Ostateczne porozumienie podpisane niedawno w Genewie powinno pozwolić na odblokowanie pozostałych aktywów Irany w ciągu najbliższych kilku miesięcy - prognozuje AFP.
Irańska gospodarka po latach zachodnich sankcji i embarga na eksport ropy potrzebuje dofinansowania, a nade wszystko zagranicznych inwestycji w najważniejszy dla niej sektor surowców energetycznych.
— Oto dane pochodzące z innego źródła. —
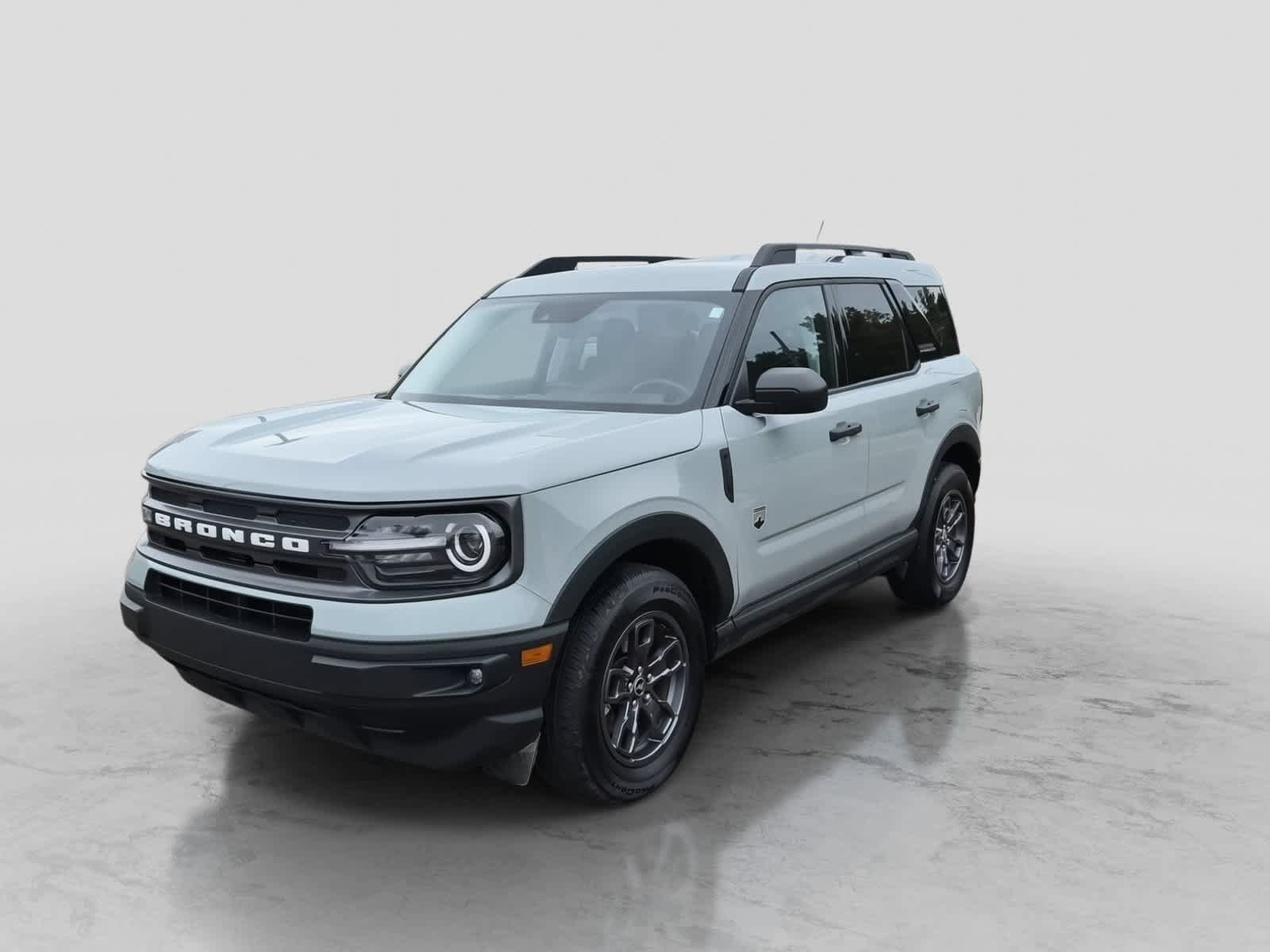 Used 2023 Ford Bronco Sport Big Bend w/ Convenience Package AWD/4WD image 4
Instalacje naftowe Iranu są przestarzałe.
- Gospodarka kraju jest w stanie zaabsorbować od 200 do 300 mld dol. zagranicznych inwestycji - powiedział szef CBI.
Ocenia się jednak, że Teheran może szybko spieniężyć spore rezerwy ropy; zgromadzone na tankowcach zapasy surowca sięgają 40 mln baryłek, które po zniesieniu ograniczeń mogą natychmiast trafić na rynek - podał amerykański ośrodek Stratfor.
Modernizując instalacje wydobywcze - najpewniej z pomocą żywo tym zainteresowanych zagranicznych koncernów naftowych - Iran może w ciągu sześciu miesięcy przyśpieszyć tempo produkcji i eksportu o około 500 tys. do 800 tys. baryłek dziennie; nie tylko rozrusza to irańską gospodarkę, ale stworzy silną presję na światowe ceny ropy - napisał niedawno "Financial Times".
Europejskie giganty naftowe i wiele innych firm liczy na rozwój wymiany handlowej i współpracy z Iranem. Wicekanclerz Niemiec Sigmar Gabriel złożył już trzydniową wizytę w Iranie, podczas której spotkał się z prezydentem Hasanem Rowhanim oraz czołowymi ministrami. Wicekanclerzowi towarzyszyła delegacja niemieckich biznesmenów, w tym szefowie wielkich koncernów - Linde i BASF.
Przed nałożeniem sankcji Berlin był najważniejszym eksporterem towarów do Iranu, jednak od 2007 roku Niemcy zostały wyprzedzone przez Chiny.